Task requirements
The expected output is the full data, repeated exactly, without pictures.

[[ Supplied data, beginning ]]

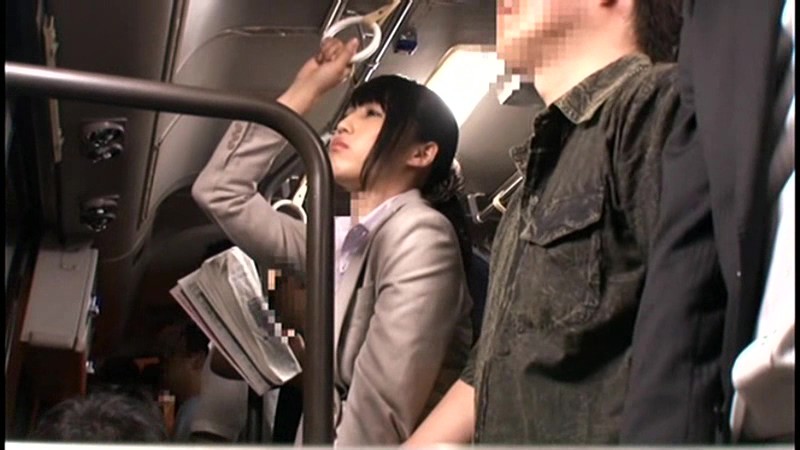 NHDTA-429 Bagian 8 - 100 minit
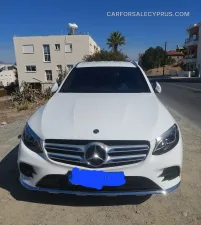 Φωτογραφία 1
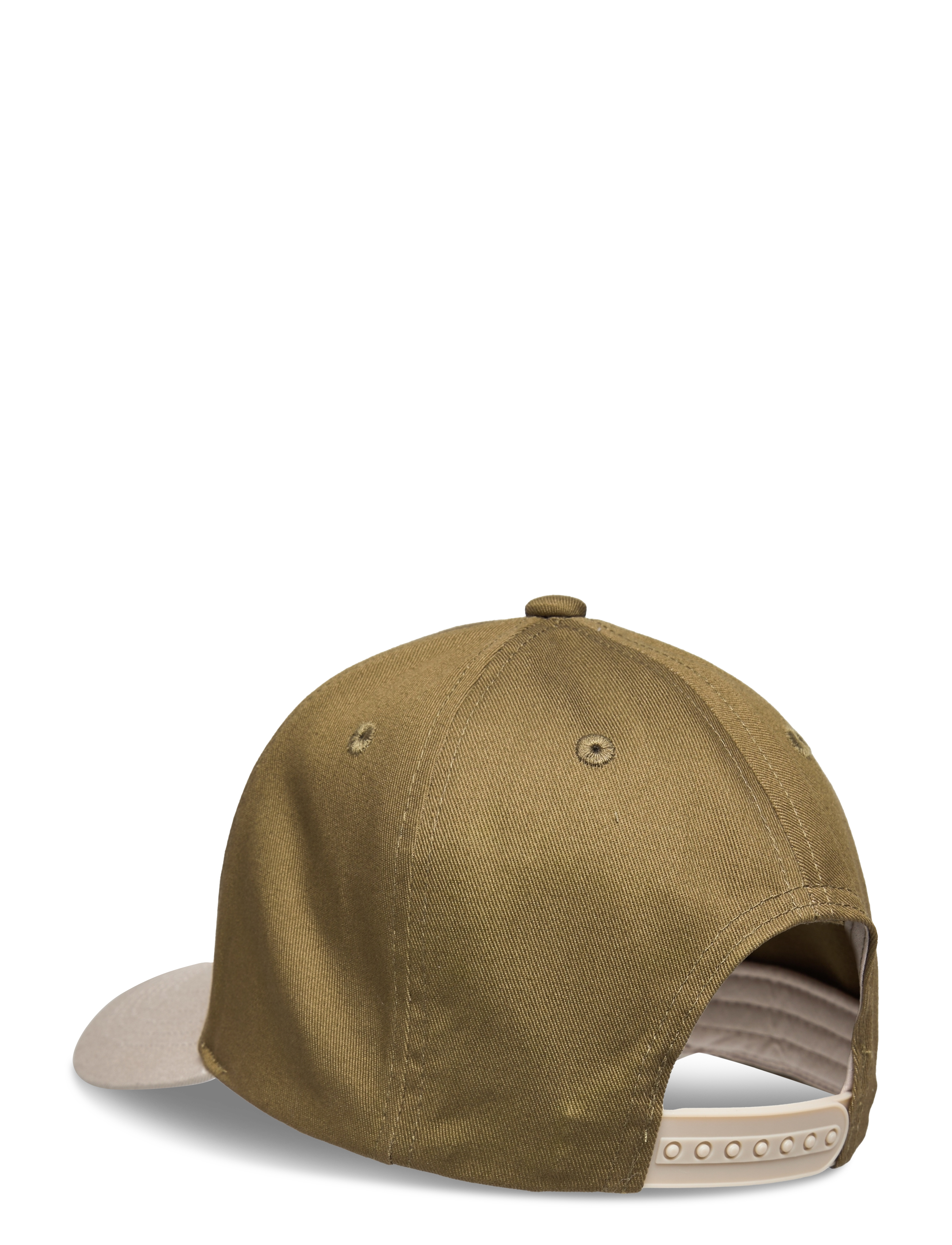 Bula - CAMPUSCAP - moss - 1
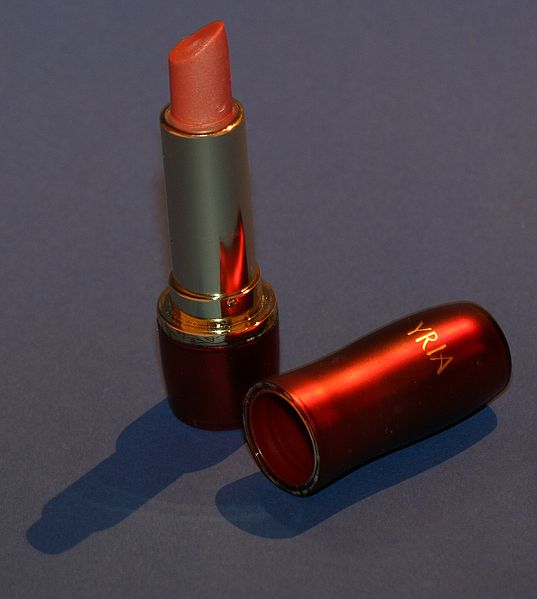 File:Lippenstift1.jpg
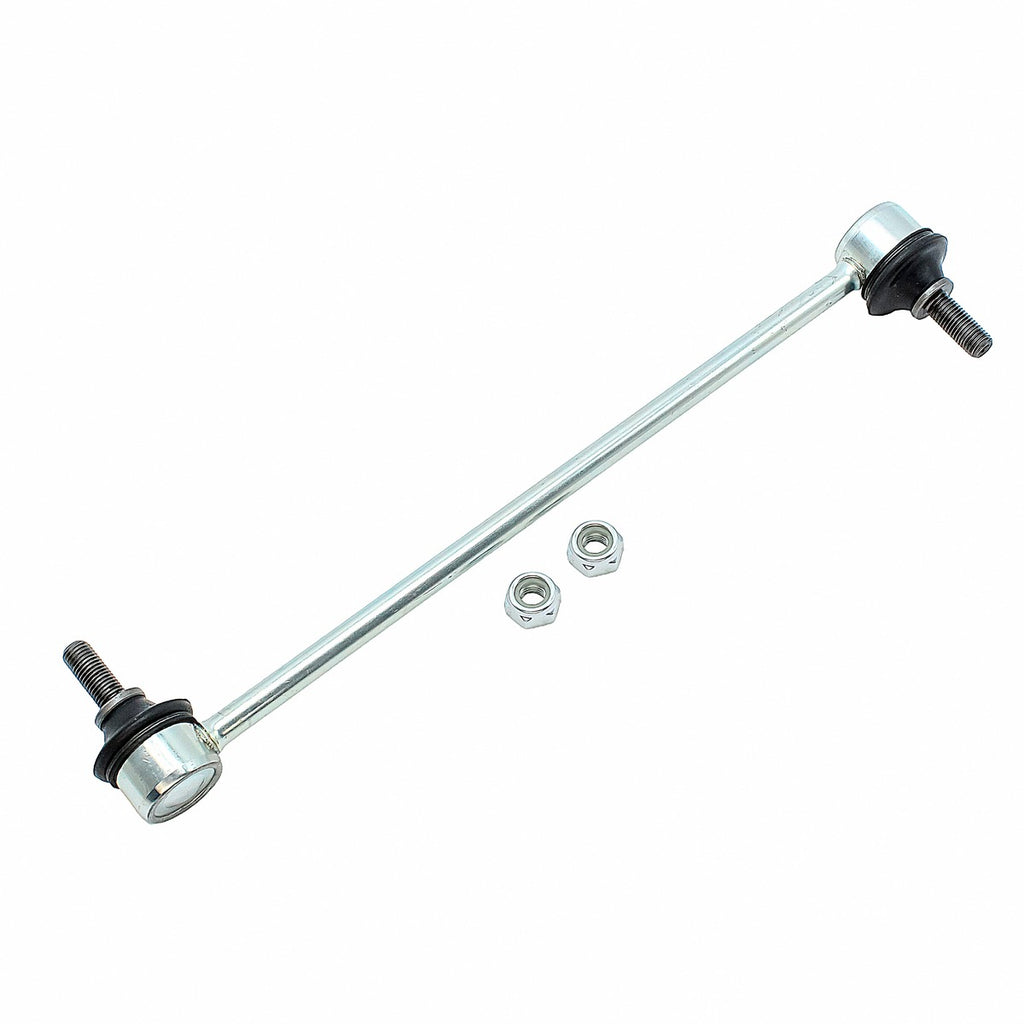 Tornillo Estabilizador GROB 5084063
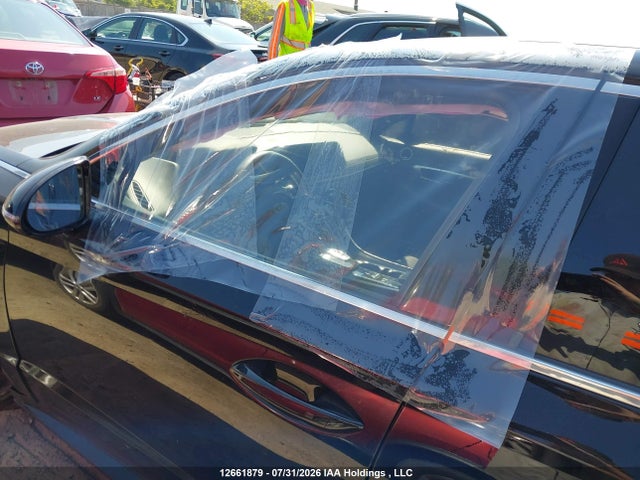 Hyundai Sonata Sel Plus 2023 KMHL44J23PA265231 Image 18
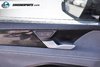 2026 Volkswagen Tiguan Comfortline R-Line Black-17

[[ Supplied data, end ]]

Exercise solution
 NHDTA-429 Bagian 8 - 100 minit
 Φωτογραφία 1
 Bula - CAMPUSCAP - moss - 1
 File:Lippenstift1.jpg
 Tornillo Estabilizador GROB 5084063
 Hyundai Sonata Sel Plus 2023 KMHL44J23PA265231 Image 18
 2026 Volkswagen Tiguan Comfortline R-Line Black-17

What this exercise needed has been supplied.